I have the equation of the ellipse which is $\frac {x^2}{4r^2}+\frac{y^2}{r^2}=1$ Putting the (4,2) point on the ellipse we get $r^2=8$ so we get the equation $\frac {x^2}{32}+\frac {y^2}8=1$ and the semi-major axis is $\sqrt {32}= 4\sqrt 2$, the semi-minor axis is $\sqrt 8=2\sqrt 2$.
My question is using the value of $r^2=8$ to $\frac {x^2}{4r^2}+\frac{y^2}{r^2}=1$ , how come the semi-major axis is $\sqrt {32}= 4\sqrt 2$ ? and semi-minor axis is $\sqrt 8=2\sqrt 2$?

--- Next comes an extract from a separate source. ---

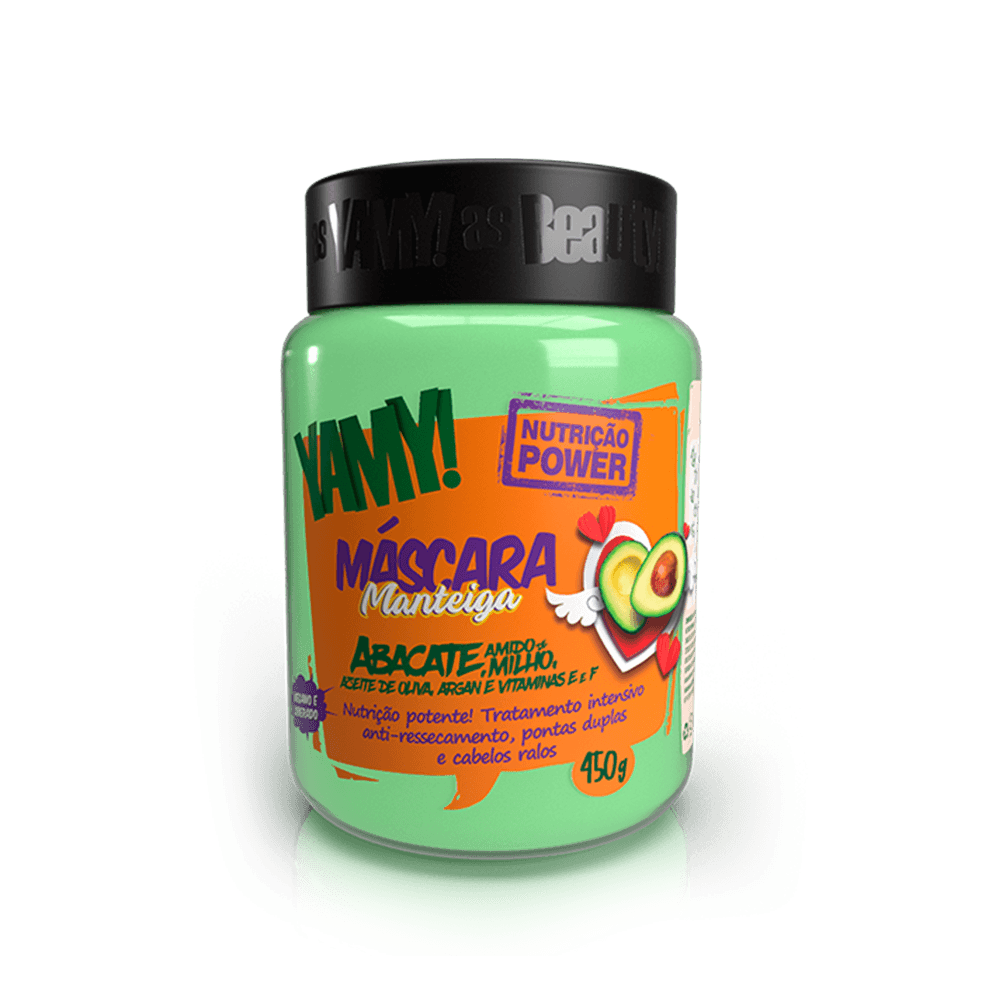 Máscara Yamy Manteiga Nutrição Power Abacate 450g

I am puzzled on how to get that answer.
... anyway this question is related to my previous question Finding the Width and Height of Ellipse given an a point and angle
The ellipse is in standard position and orientation, with the axes along the $x$ and $y$ axes. The ellipse meets the $x$-axis at the two points $x=\pm\sqrt{32}$, $y=0$, and meets the $y$-axis at $x=0$, $y=\pm\sqrt{8}$.
The distance from $(-\sqrt{32},0)$ to $(\sqrt{32},0)$ is bigger than the distance between the two $y$-intercepts.
The major axis therefore has length $2\sqrt{32}$, and the semi (half) major axis is half of that.